Confocal images were obtained with the 2.6-mm probe inserted through standard 26-Fr resectoscope or with the 1.4-mm probe in standard rigid (21-Fr) or flexible (15-Fr) cystoscopes. WLC videos were recorded simultaneously and selected still images taken. By varying the probe pressure on the surface, different layers of the epithelium of the lower urinary tract were imaged. Kidneys from 2 nephrectomy patients were used for ex vivo confocal imaging of the renal cortex, pelvis, and proximal ureter. Topical fluorescein was applied ex vivo in 1 kidney, while intravenous fluorescein was given before division of the renal hilum in the other. Imaged tissue locations were biopsied or resected and sent for pathologic analysis with hematoxylin and eosin (H&E) staining. Acquired confocal video sequences were edited and analyzed after the procedure and compared with H&E-stained tissue.

Mosaicing Algorithm

The mosaicing algorithm (Mauna Kea Technologies) is an image-processing technique that compiles a series of consecutive images into a single larger composite image that effectively increases the FOV.16,17 It is based on a hierarchical framework that recovers a globally consistent alignment of input frames to compensate for distortions induced by the relative motion of imaged tissue with respect to the probe.18

Image Selection Criteria

After real-time confocal video sequences were acquired, videos were processed offline before image characteristics were analyzed. Video clips and still images of interest were extracted from the original sequences. Clips were selected based on clarity of images and probe contact time longer than 2 seconds. Mosaics were created using the algorithm described above. Processed confocal images were reviewed with 2 pathologists (K.C.J., A.H.B.) and compared with corresponding H&E stains. Diagnostic criteria representative of different types of bladder cancer were selected based on reproducibility and correspondence to H&E histology. Imaging characteristics that were easily recognizable and reproducible by the urologist (J.C.L.) were chosen for use as diagnostic criteria. Representative images for the atlas were chosen based on resemblance to corresponding H&E images as well as image quality, taking into account motion and lens artifacts and level of staining.

RESULTS

To compile the imaging atlas, 566 real-time confocal video sequences from 66 study participants (mean age 71 years, range 28–90 years) were analyzed. The mean duration of confocal image acquisition was 15.5 minutes per participant. Average probe dwell time for each area was 11.4 seconds and the average number clips per area was 4.3. There were no adverse events related to pCLE or fluorescein administration, other than transient fluorescence- stained urine. No differences were noted in histology quality of tissue treated with IV or intravesical fluorescein.

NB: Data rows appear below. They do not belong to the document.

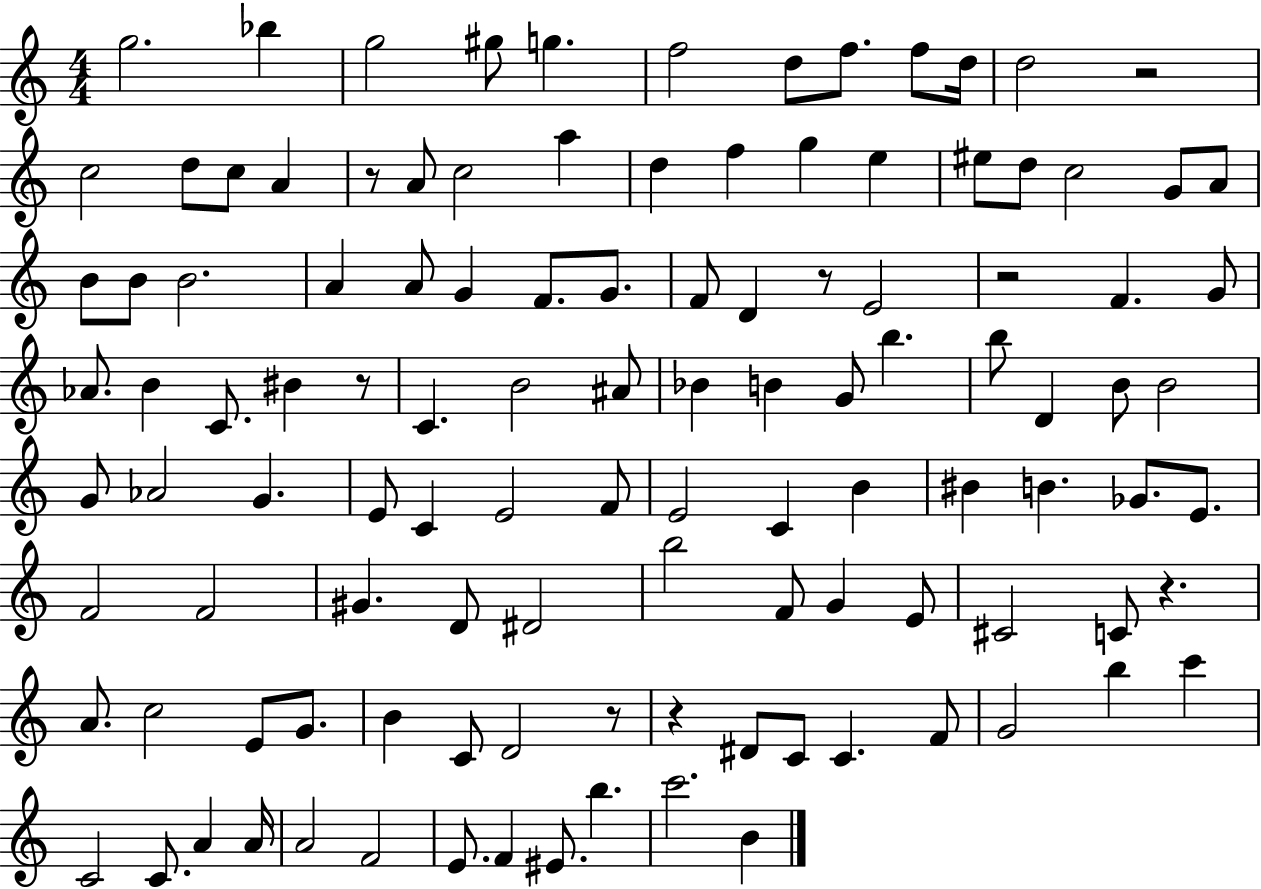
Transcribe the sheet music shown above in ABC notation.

X:1
T:Untitled
M:4/4
L:1/4
K:C
g2 _b g2 ^g/2 g f2 d/2 f/2 f/2 d/4 d2 z2 c2 d/2 c/2 A z/2 A/2 c2 a d f g e ^e/2 d/2 c2 G/2 A/2 B/2 B/2 B2 A A/2 G F/2 G/2 F/2 D z/2 E2 z2 F G/2 _A/2 B C/2 ^B z/2 C B2 ^A/2 _B B G/2 b b/2 D B/2 B2 G/2 _A2 G E/2 C E2 F/2 E2 C B ^B B _G/2 E/2 F2 F2 ^G D/2 ^D2 b2 F/2 G E/2 ^C2 C/2 z A/2 c2 E/2 G/2 B C/2 D2 z/2 z ^D/2 C/2 C F/2 G2 b c' C2 C/2 A A/4 A2 F2 E/2 F ^E/2 b c'2 B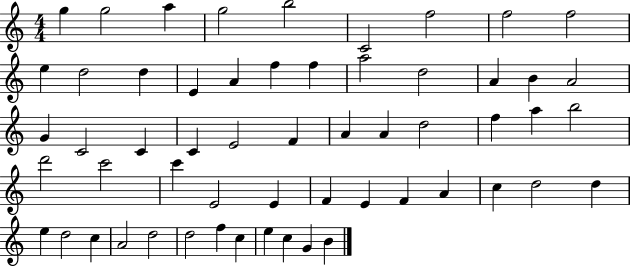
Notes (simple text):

G5/q G5/h A5/q G5/h B5/h C4/h F5/h F5/h F5/h E5/q D5/h D5/q E4/q A4/q F5/q F5/q A5/h D5/h A4/q B4/q A4/h G4/q C4/h C4/q C4/q E4/h F4/q A4/q A4/q D5/h F5/q A5/q B5/h D6/h C6/h C6/q E4/h E4/q F4/q E4/q F4/q A4/q C5/q D5/h D5/q E5/q D5/h C5/q A4/h D5/h D5/h F5/q C5/q E5/q C5/q G4/q B4/q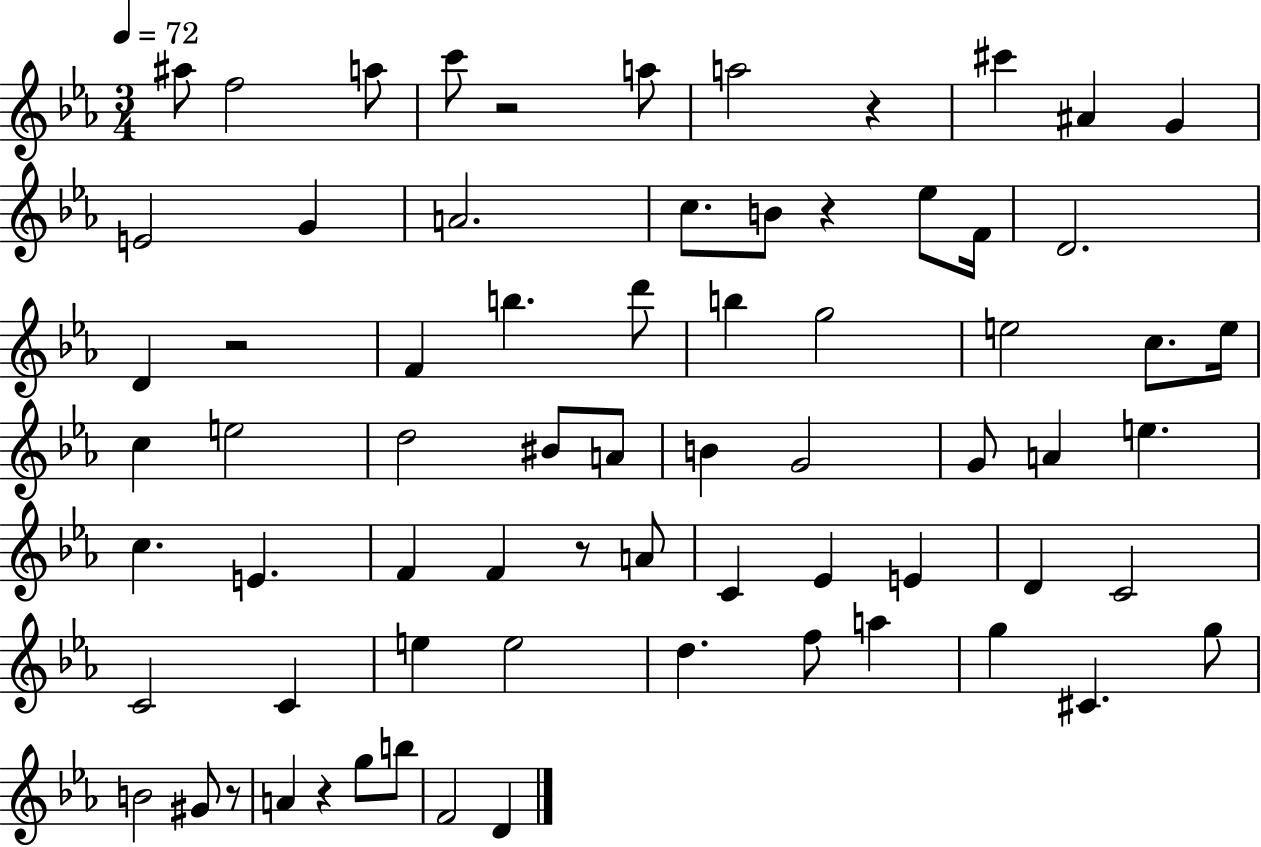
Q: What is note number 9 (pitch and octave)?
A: G4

We evaluated mosaicing, an image processing technique that juxtaposes overlapping frames into a single composite image, thus expanding the FOV while improving overall image resolution. Figure 1 shows representative mosaics of the umbrella cell layer of normal urothelium (Fig. 1A) and prostatic urethra (Fig. 1B). Compared with individual image frames (figure inset), the composite mosaics expanded the FOV by up to 5-fold (from 0.24 to 1.27 mm). The characteristic polygonal-shaped umbrella cells, visualized in vivo, were reminiscent of the ex vivo images of umbrella cells obtained using more powerful desktop confocal microscopes.20,21 The glandular structures visualized through the prostatic urethra after IV fluorescein administration are consistent with benign prostatic glands.

Figure 1.

Figure 1

Confocal image processing with mosaicing algorithm that generates panoramic view of the tissue microarchitecture with improved clarity compared to single image frames (inset). (A) Normal bladder urothelium showing umbrella cell layer: note the characteristic large polygonal-shaped cells. (B) Normal prostate imaged through prostatic urethra with multiple dark prostate glands within the white stroma. Note the mosaics significantly increased the overall field of view by ~5-fold.

Figure 2 shows representative confocal images of the normal anatomic landmarks from the entire urinary tract. Confocal microscopy of the lower urinary tract was acquired in vivo, whereas upper tract images were obtained ex vivo. With either intravesical or intravenous fluores- cein administration, circulating erythrocytes were routinely observed within the rich capillary network of the lamina propria. The results indicate that within 5 minutes of intravesical instillation, fluorescein diffuses across the transitional cell layers into the lamina propria. Normal bladder urothelium was characterized by a polygonal umbrella cell layer, uniform smaller intermediate cell layer, and capillary networks with erythrocytes in the lamina propria (Figs. 1A and 2). Although the limited depth of penetration prohibited imaging beyond the lamina propria through intact urothelium, the fibers of the muscularis propria and the adipocytes of the perivesical fat were imaged in the tumor resection bed in 14 participants. In the penile urethra, the lamina propria is characterized by branching thin dark bands that likely represent small vessels. In this first reported application of pCLE of the upper urinary tract, the renal cortex was characterized by tubular structures consistent with convoluted renal tubules, while renal pelvis and proximal ureter showed urothelial cells and lamina propria similar to bladder urothelium.

Figure 2.

Figure 2

Probe-based confocal laser endomicroscopy (pCLE) images of the normal urinary tract. All images of the lower urinary tract were acquired in vivo, whereas upper tract images (kidney cortex and ureter) were acquired ex vivo. Note similarities of the urothelium (intermediate cells) between ureter and bladder. Lamina propria is characterized by capillary network of moving erythrocytes. Muscularis propia and perivesical fat images were obtained from the tumor resection bed.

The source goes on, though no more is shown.